• [EXERCISE BRIEF]: Line by line, transcribe the data below exactly and pass over the images.

• [Stored data entries]:

*** Begin section ***

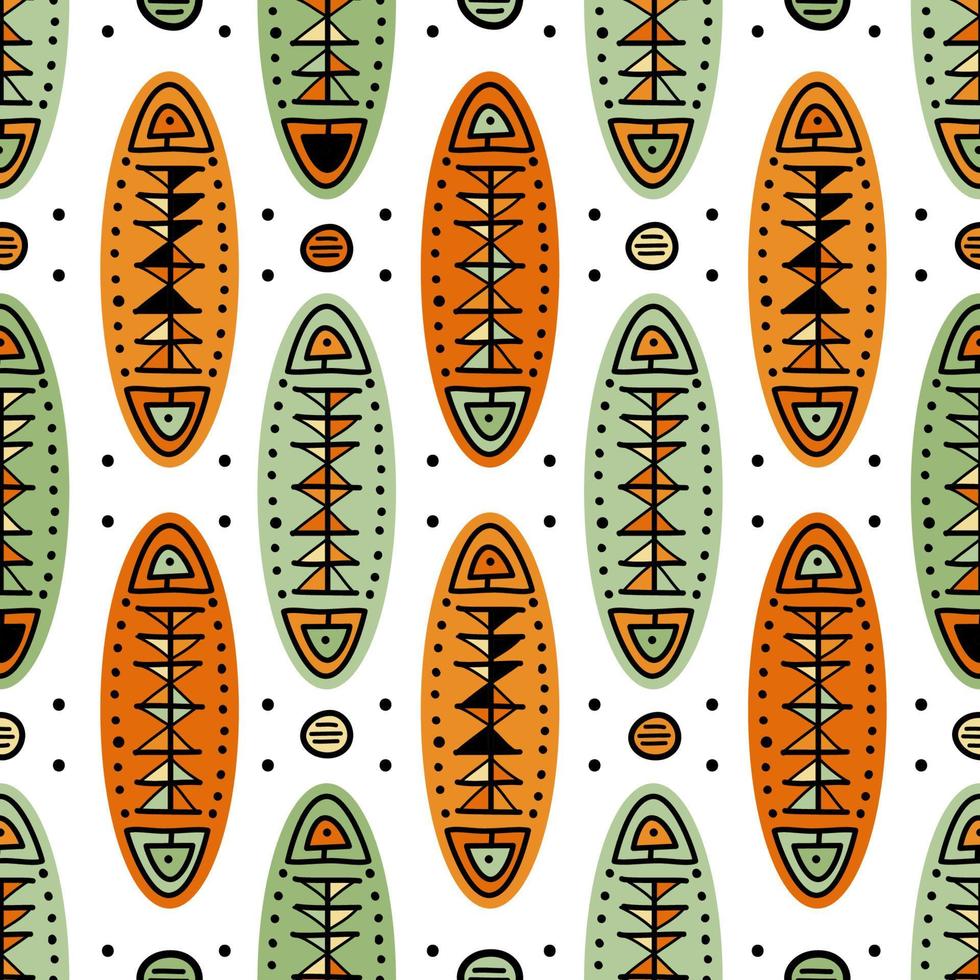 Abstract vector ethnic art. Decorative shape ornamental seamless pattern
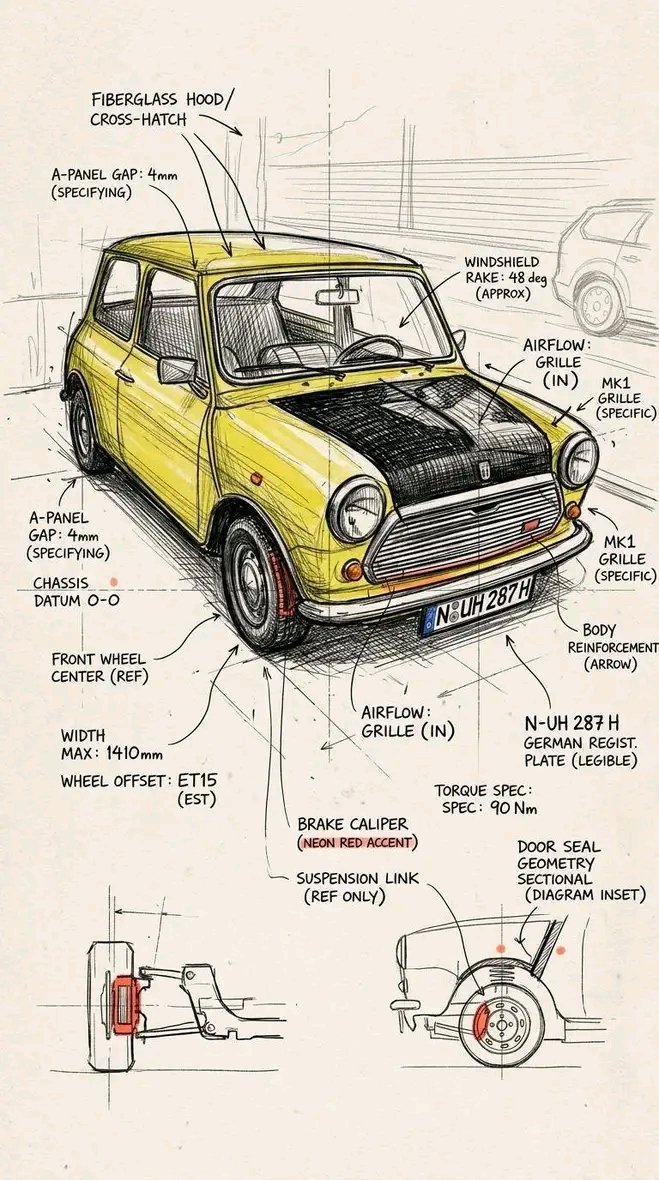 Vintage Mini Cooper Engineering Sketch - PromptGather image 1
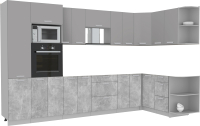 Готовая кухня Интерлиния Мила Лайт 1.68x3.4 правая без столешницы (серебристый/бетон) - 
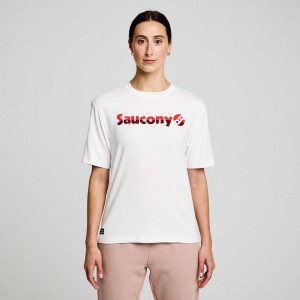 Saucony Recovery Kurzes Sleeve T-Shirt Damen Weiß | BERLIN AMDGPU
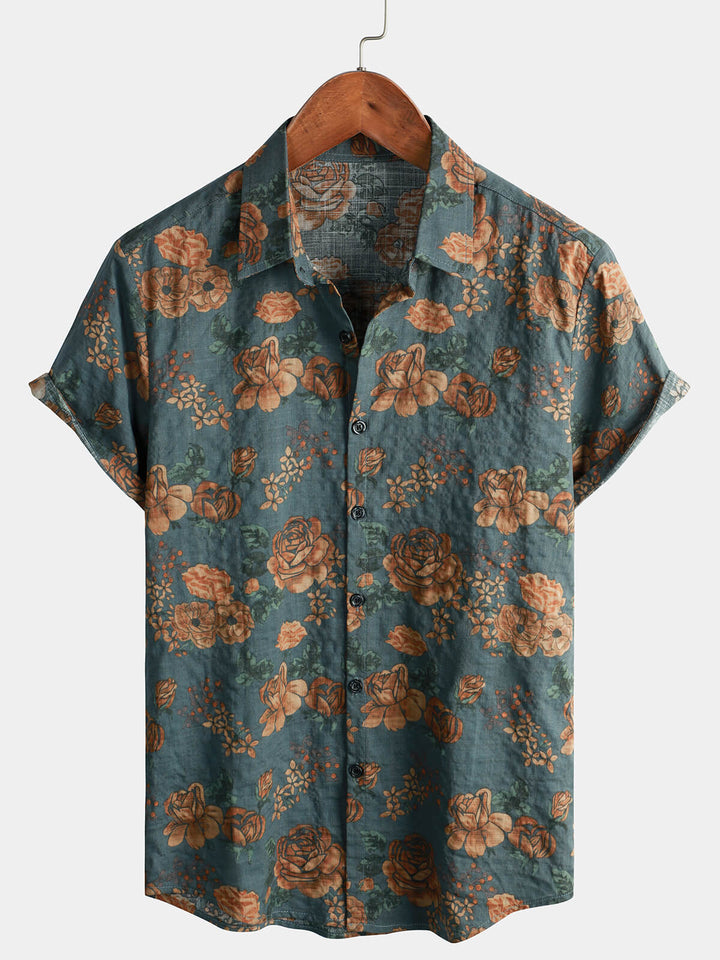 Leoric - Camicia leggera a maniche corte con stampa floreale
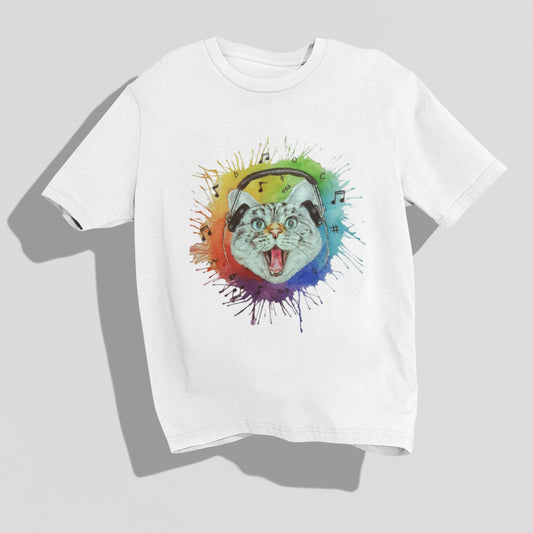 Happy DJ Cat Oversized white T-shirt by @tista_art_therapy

*** End section ***

• [WRITTEN SOLUTION]:
 Abstract vector ethnic art. Decorative shape ornamental seamless pattern
 Vintage Mini Cooper Engineering Sketch - PromptGather image 1
 Готовая кухня Интерлиния Мила Лайт 1.68x3.4 правая без столешницы (серебристый/бетон) - 
 Saucony Recovery Kurzes Sleeve T-Shirt Damen Weiß | BERLIN AMDGPU
 Leoric - Camicia leggera a maniche corte con stampa floreale
 Happy DJ Cat Oversized white T-shirt by @tista_art_therapy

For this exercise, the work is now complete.